Exercise requirements ▸ Nothing but the lines below from the one that contains "Abito camicia blu" through the one that contains "牛奶巧克力片食品纯牛奶巧克力蛴螬甜点紧身裤口粮蛋糕食物减肥背景图片" should be retyped, exactly and including both ends. Do not include pictures.

Dataset content ▸
· · · · · · ·

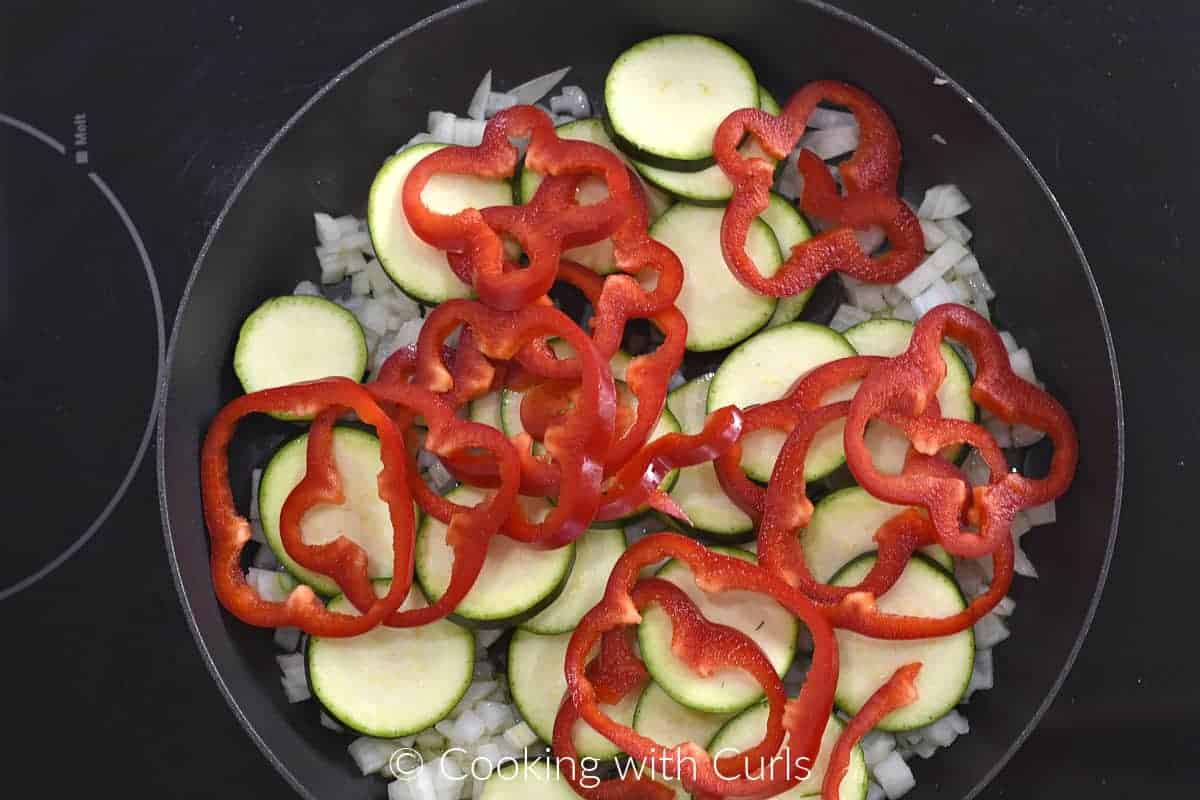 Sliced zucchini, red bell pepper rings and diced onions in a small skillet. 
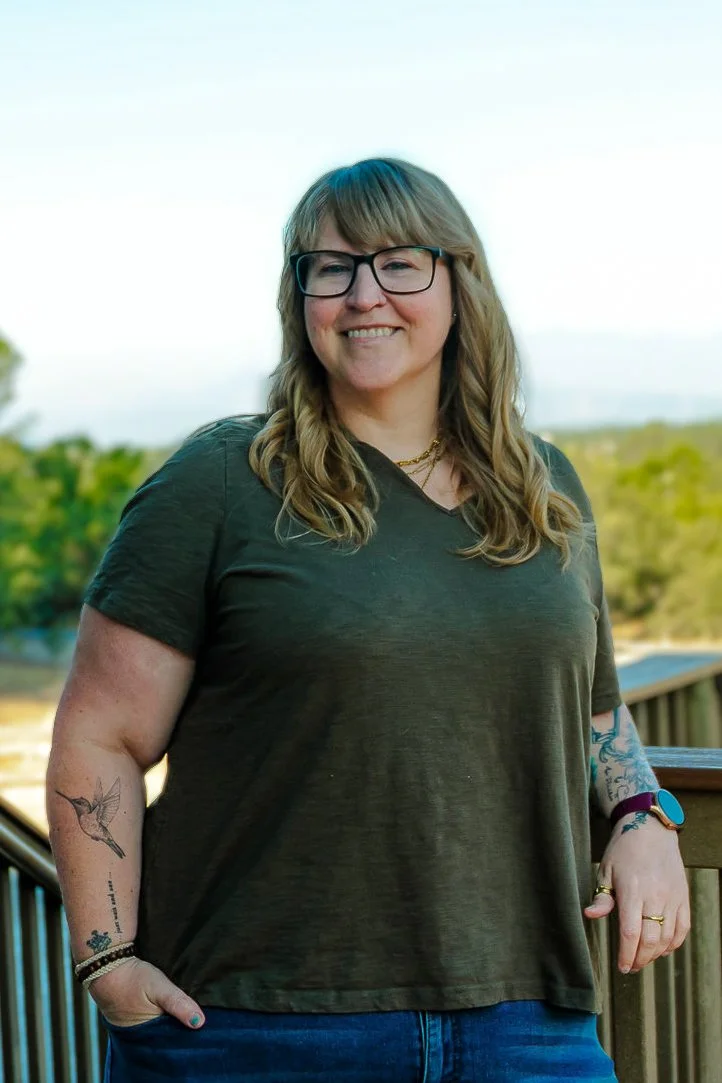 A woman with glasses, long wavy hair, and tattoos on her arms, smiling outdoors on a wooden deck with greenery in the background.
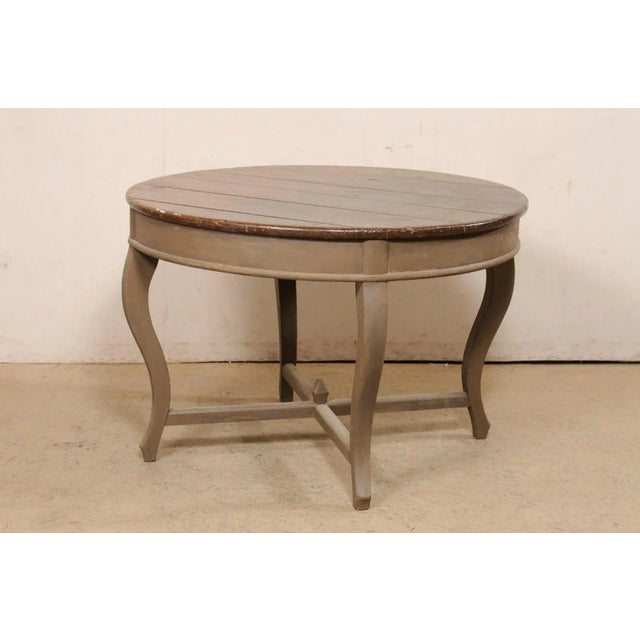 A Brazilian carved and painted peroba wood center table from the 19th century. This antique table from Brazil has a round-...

· · · · · · ·

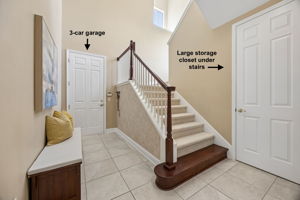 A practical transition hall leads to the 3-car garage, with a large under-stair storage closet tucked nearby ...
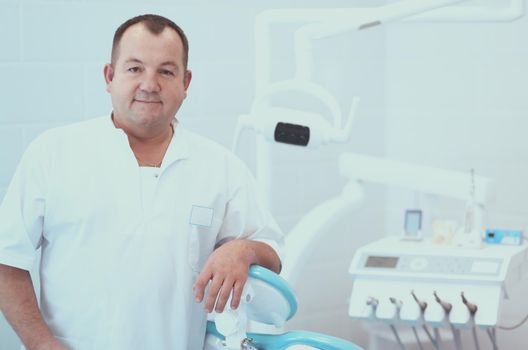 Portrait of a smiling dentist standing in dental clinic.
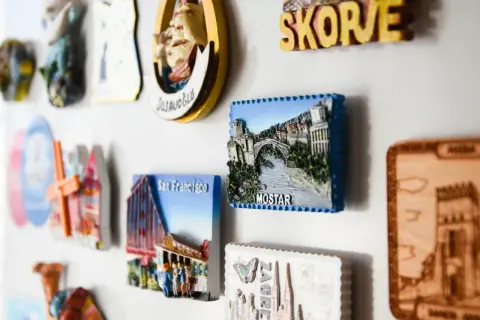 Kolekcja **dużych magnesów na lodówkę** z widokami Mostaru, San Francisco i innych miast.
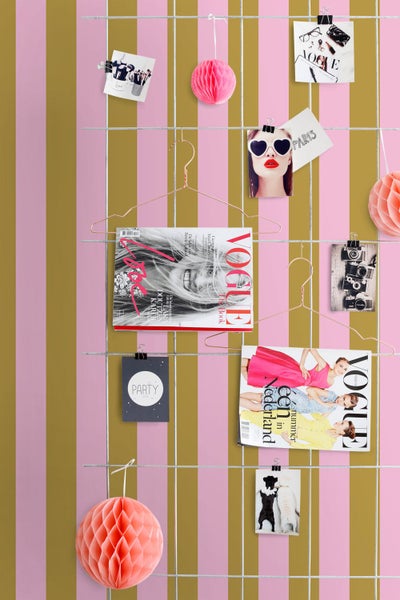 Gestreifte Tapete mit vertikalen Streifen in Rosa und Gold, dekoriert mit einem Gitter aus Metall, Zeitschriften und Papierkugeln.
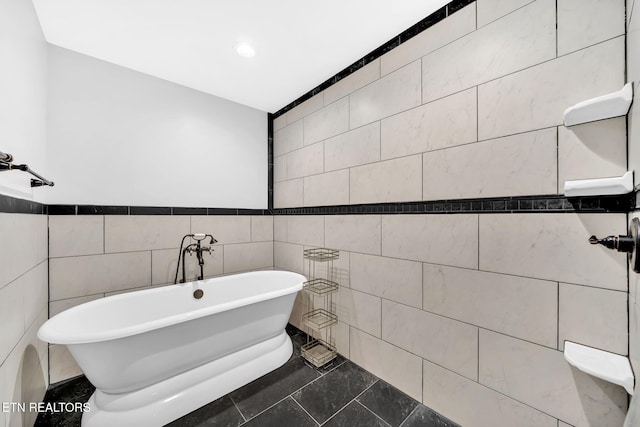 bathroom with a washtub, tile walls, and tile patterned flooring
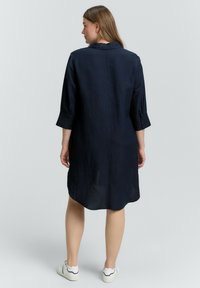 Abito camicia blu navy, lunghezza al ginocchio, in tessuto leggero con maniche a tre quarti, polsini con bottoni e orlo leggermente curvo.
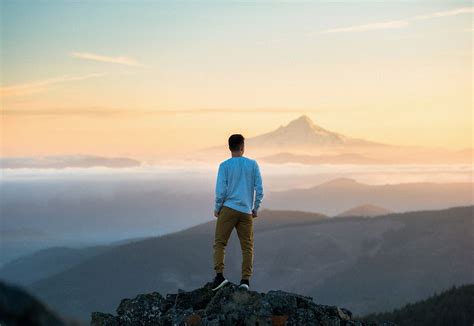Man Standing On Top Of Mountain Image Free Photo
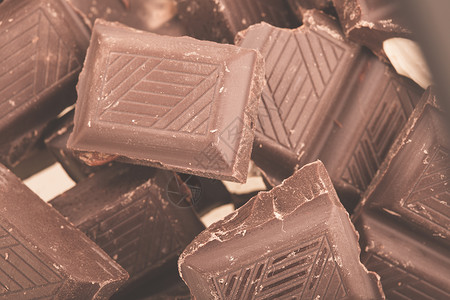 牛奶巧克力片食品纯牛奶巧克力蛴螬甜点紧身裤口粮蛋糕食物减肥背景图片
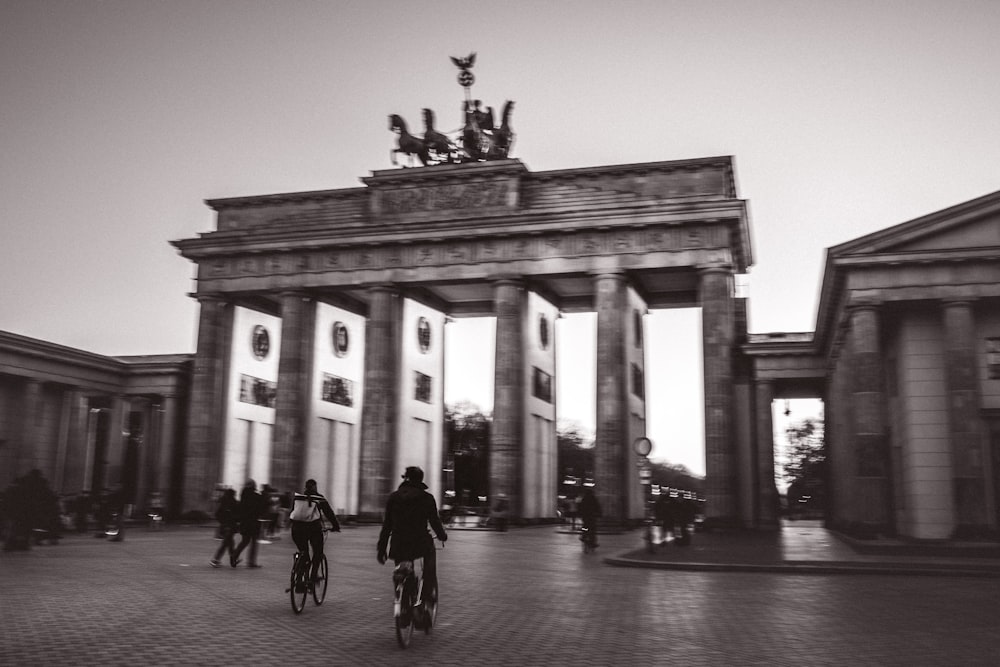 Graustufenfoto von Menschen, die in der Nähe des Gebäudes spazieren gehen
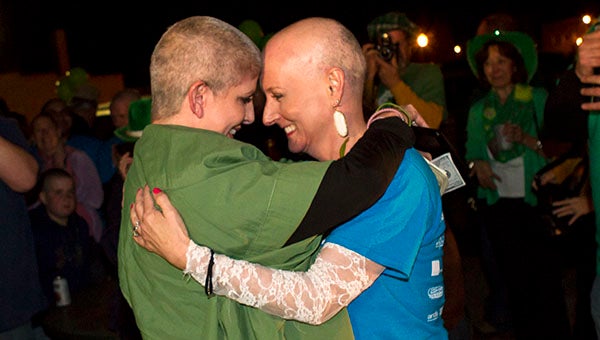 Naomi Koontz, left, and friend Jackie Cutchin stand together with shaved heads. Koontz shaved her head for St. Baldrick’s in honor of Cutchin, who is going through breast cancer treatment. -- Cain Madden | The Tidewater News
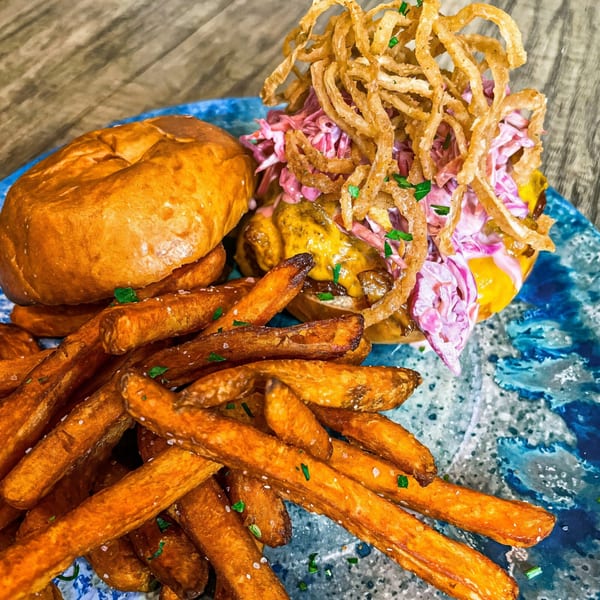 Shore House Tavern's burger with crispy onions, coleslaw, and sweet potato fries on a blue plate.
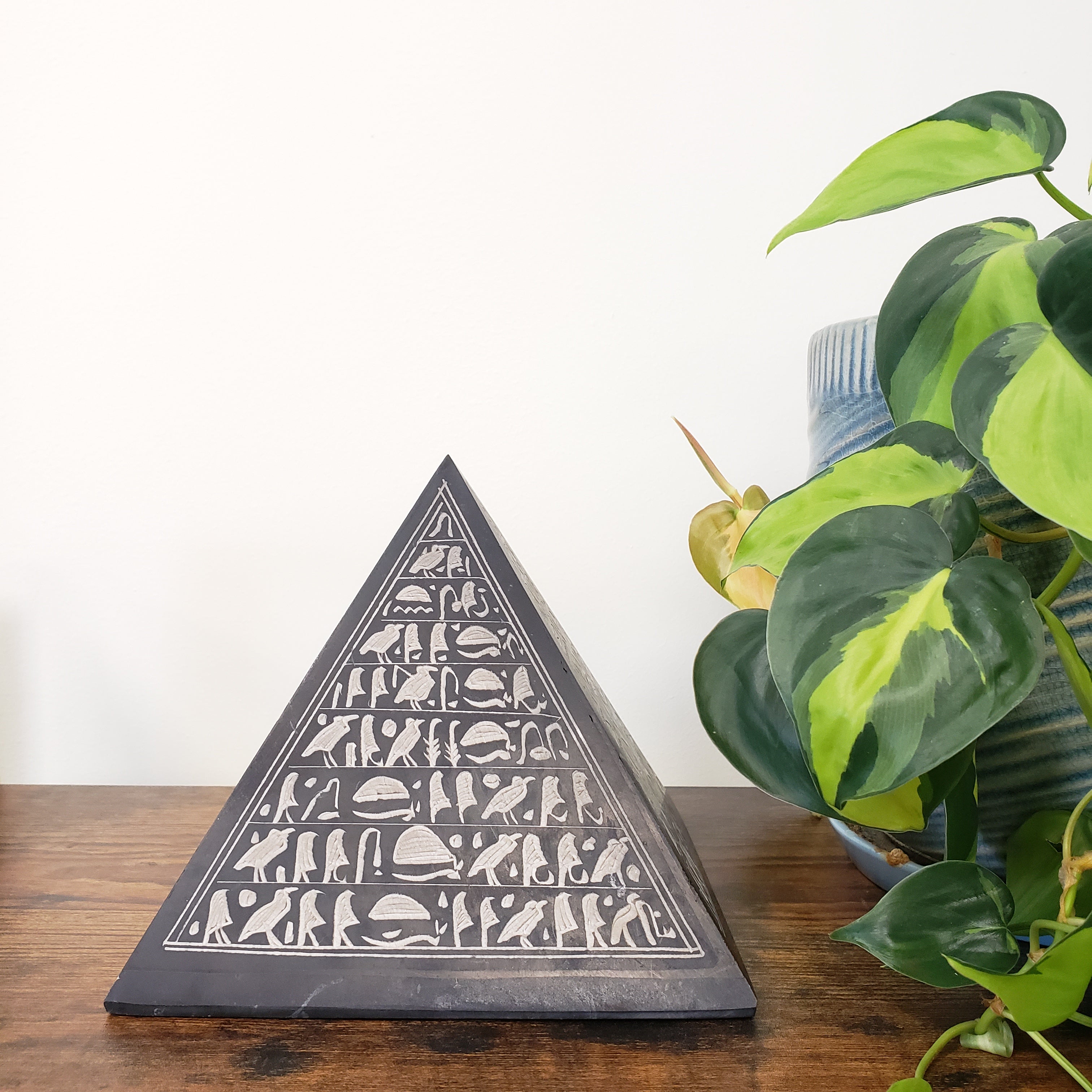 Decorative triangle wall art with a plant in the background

· · · · · · ·

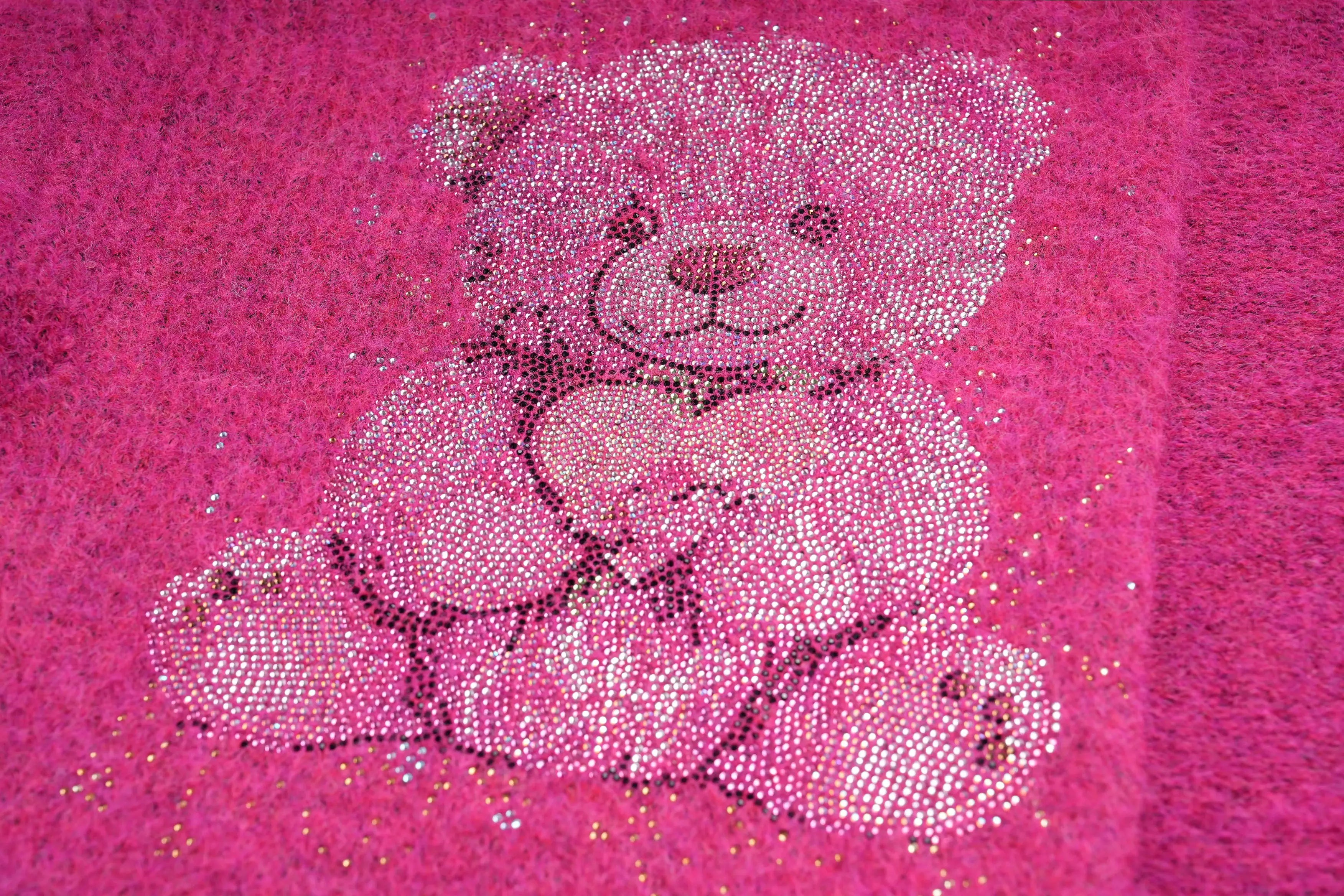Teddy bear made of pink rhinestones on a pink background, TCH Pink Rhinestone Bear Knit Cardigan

· · · · · · ·

Solved exercise ▸
 Abito camicia blu navy, lunghezza al ginocchio, in tessuto leggero con maniche a tre quarti, polsini con bottoni e orlo leggermente curvo.
Man Standing On Top Of Mountain Image Free Photo
 牛奶巧克力片食品纯牛奶巧克力蛴螬甜点紧身裤口粮蛋糕食物减肥背景图片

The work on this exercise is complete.